If Progress is just focussing on the core technology, especially on the AppServer, I'd love to see the ability to run stateless or state-free AppServer but still keep some context in the memory of the appserver. That might be some sort of either shared state-aware (where a single appserver might be locked by multiple clients) or even better the ability to persist objects alive in some kind of shared memory on the appserver for state-less. Knowing only little about the internals of the appserver I believe, that this is more a realistic short term goal than turning it into a multi-threaded appserver with a main thread as a gate-keeper and worker threads dependend on a client session.

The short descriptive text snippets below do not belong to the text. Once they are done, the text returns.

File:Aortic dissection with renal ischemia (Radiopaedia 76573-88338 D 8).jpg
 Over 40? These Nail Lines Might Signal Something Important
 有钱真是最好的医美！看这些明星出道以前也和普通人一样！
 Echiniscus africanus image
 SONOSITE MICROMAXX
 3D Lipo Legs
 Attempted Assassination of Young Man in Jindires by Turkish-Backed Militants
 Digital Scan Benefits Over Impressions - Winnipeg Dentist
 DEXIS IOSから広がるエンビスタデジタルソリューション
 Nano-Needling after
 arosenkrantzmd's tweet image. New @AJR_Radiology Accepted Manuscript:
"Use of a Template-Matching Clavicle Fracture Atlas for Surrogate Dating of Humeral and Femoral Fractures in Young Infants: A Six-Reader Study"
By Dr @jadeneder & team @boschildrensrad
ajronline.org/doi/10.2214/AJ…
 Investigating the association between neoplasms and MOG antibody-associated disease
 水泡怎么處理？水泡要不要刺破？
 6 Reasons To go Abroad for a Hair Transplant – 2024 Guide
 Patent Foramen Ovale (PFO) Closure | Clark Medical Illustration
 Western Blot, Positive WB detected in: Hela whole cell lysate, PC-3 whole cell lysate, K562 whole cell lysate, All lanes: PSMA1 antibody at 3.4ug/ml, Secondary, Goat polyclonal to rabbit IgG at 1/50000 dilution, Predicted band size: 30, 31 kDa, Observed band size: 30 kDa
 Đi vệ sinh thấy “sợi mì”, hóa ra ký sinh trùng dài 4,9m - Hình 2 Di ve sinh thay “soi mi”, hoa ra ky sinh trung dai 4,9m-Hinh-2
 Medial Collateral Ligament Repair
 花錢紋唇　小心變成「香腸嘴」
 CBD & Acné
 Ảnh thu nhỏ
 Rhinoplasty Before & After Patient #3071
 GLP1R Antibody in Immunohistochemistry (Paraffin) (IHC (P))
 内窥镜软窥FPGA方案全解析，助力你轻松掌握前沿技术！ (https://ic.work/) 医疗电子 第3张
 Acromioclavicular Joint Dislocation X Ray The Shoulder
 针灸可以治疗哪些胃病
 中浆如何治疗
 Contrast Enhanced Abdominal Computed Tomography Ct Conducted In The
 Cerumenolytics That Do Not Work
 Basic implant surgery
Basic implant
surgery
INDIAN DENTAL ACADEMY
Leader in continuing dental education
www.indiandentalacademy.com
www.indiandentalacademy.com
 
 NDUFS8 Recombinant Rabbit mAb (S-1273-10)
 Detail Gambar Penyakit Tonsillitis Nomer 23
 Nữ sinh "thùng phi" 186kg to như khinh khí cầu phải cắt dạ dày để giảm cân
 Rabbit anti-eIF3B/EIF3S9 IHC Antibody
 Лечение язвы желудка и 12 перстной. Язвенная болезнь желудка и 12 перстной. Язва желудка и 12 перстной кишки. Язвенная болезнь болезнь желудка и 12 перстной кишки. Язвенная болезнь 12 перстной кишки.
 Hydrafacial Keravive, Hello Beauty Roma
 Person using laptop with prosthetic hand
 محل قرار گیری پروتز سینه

What should be part of that context? I think database transactions may be avoidable. I could always live with the fact that transactions are scoped to a single appserver call. So intances of OO classes and everything inside those classes (prodatasets, temp-tables, no-lock queries, variables, references to other objects, etc., maybe persistent procedures) should be available on any appserver process that the owning client talks to (one at a time).

How could it be implemented? Maybe by having a property of the SESSION object on the appserver that we could assign our context object to. The appserver will need to take care of persisting the object between a clients appserver calls and making it available before the next appserver call. That property might be of the type Progress.Lang.Object. So everybody could implement his own ContextManager class.

Posted by Admin on 12-Nov-2008 15:44

One question regarding OERA, is that its documentation is currently not object oriented at all.

This will have dramatic impact on the overall infrastructure, and the effort will be necessary in order to take the bus (of OO) on time.

I have seen a presentation made by John Sadd on this (Class Based implementation of OERA) but i'm not sure there has been a detailed documentation and updates since (the doc was written in 2007 ... and OOABL has evolved since).

Posted by Thomas Mercer-Hursh on 12-Nov-2008 17:30

After the last 23 years, I don't think I really want PSC to spend energy on developing a framework unless there is a major shift in the way such projects get done ... say, like contracting with me to do it! I would much rather their energy went into enabling technology.

Knowing only little about the internals of the appserver I believe, that this is more a realistic short term goal than turning it into a multi-threaded appserver with a main thread as a gate-keeper and worker threads dependend on a client session.

The interesting question is what do we really need to get any particular effect. I get that multi-threading, per se, is hard. Saving context might not require anything other than perhaps the ability to store an object with state in the database. One could store the object's state without the object, but then one is paying the serialization and deserialization penalty.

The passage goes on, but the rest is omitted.